Unlike Masters, Cawelti and Rosenberg are not one-adjective analysts. In their view the spy story derives from a complex and changing set of conventions and expectations. It offers readers the “fantasy of invisibility,” which is to say the vicarious opportunity to see without being seen, to be freed from responsibility. It dramatizes the secret exercise of power, the mystique of conspiracies and disguises, and the glamour of high technology. It allows heroism to mean something and affirms certain moral values. At the same time, of course, the spy story, at least since Ambler, casts doubt on all of this. As Cawelti and Rosenberg show convincingly, the modern spy story no sooner allows readers to escape from the sense of reality than it affirms that sense. We follow the secret agent’s operations with admiration and envy, but sooner or later that agent is left out in the cold, betrayed by his superiors, manipulated, “turned,” abandoned to a world which has lost its moral bearings. Over and over these fictions confirm our suspicions that no one is to be trusted and that all messages are ciphered.

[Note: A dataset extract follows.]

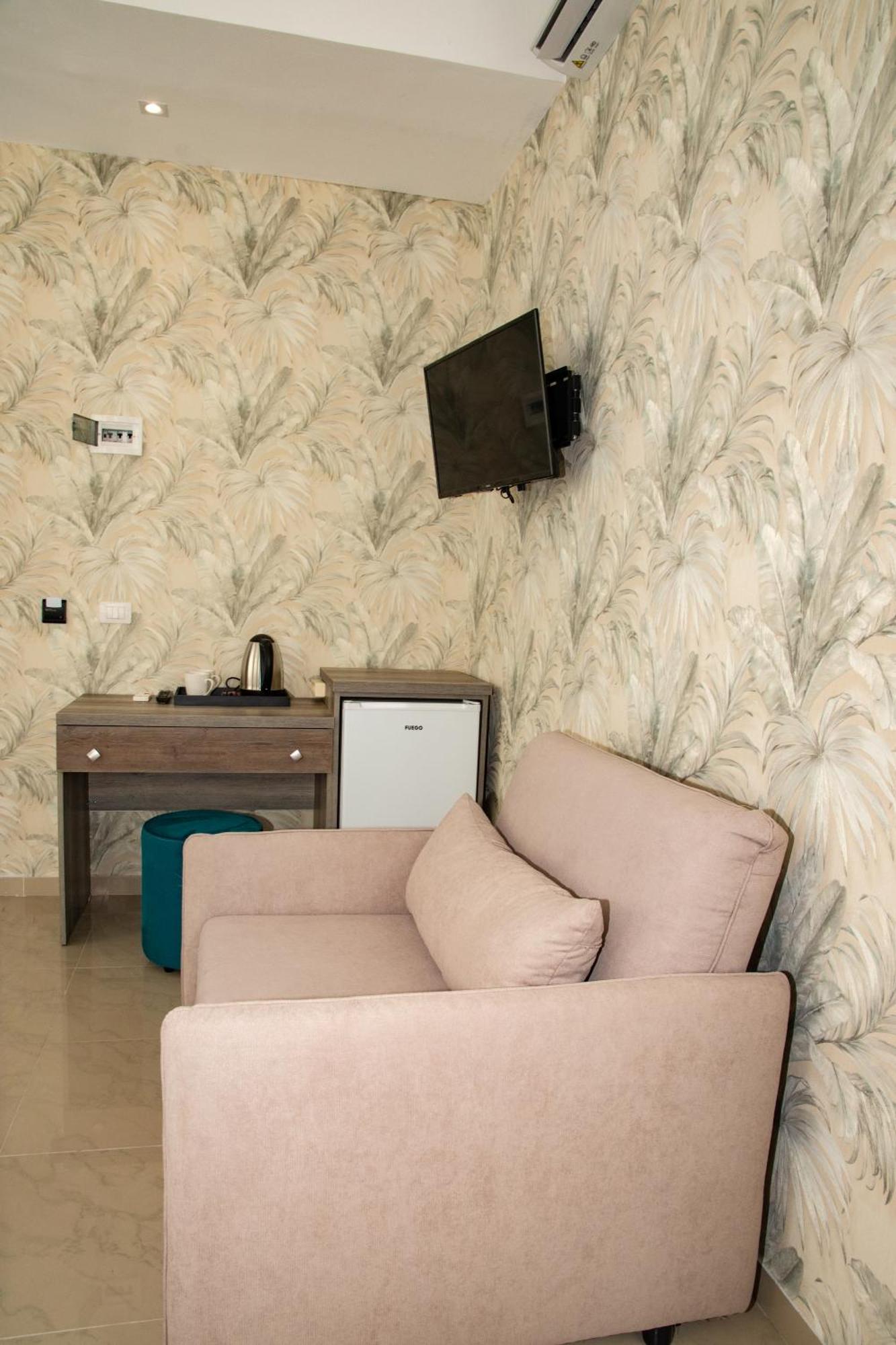 Alv Rent Rooms Vlorë Exteriör bild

What is a spy story in the first place? How is one to distinguish it from a straight novel featuring spies? Surprisingly, Cawelti and Rosenberg answer that spy stories, however cynical they may be, finally identify their protagonists with Good and allow those protagonists some sort of triumph—perhaps just a chosen death—over Evil, whereas novels featuring spies, like Conrad’s The Secret Agent, may be unrelievedly bleak, tragic statements of the human condition. This distinction seems right for Buchan and Fleming, wrong for the Le Carré of The Honorable Schoolboy and the Greene of The Human Factor, books as morally bleak as one could wish. Perhaps the distinction between spy story and novel is not worth making; if it is, then it might be based on a simpler notion. Spy stories, as Cawelti and Rosenberg observe, concentrate on intrigue, suspense, and action, and thereby create a clandestine world “increasingly shut off from the ordinary world.” The Thirty-Nine Steps makes everyone Hannay meets an accomplice or an enemy, every place a refuge or a trap. By contrast, novels like The Secret Agent remember the ordinary world. In fact Conrad sets ordinariness painfully against clandestinity; Winnie Verloc has to go about her banal domestic chores while her husband is plotting his attentat. In this regard Greene, too, is a novelist, even when he writes “entertainments.” A thriller like The Ministry of Fear has spies, plots, and chases aplenty, and yet at a key moment its hero stands back ironically from the excitement. He is rocketing across the English countryside in pursuit of the villain when he thinks of all the ordinary things happening in the night, an old man dying, rats nosing after meal, two people “seeing each other for the first time by the light of a lamp”:

. . . everything in that darkness was of such deep importance that their errand could not equal it—this violent superficial chase, this cardboard adventure hurtling at seventy miles an hour along the edge of the profound natural common experiences of men.

What even the finest of spy stories cannot do is admit their adventures are “cardboard.” What Richard Hannay and Ashenden and Alec Leamas and James Bond do not share is the profound natural common experiences of men.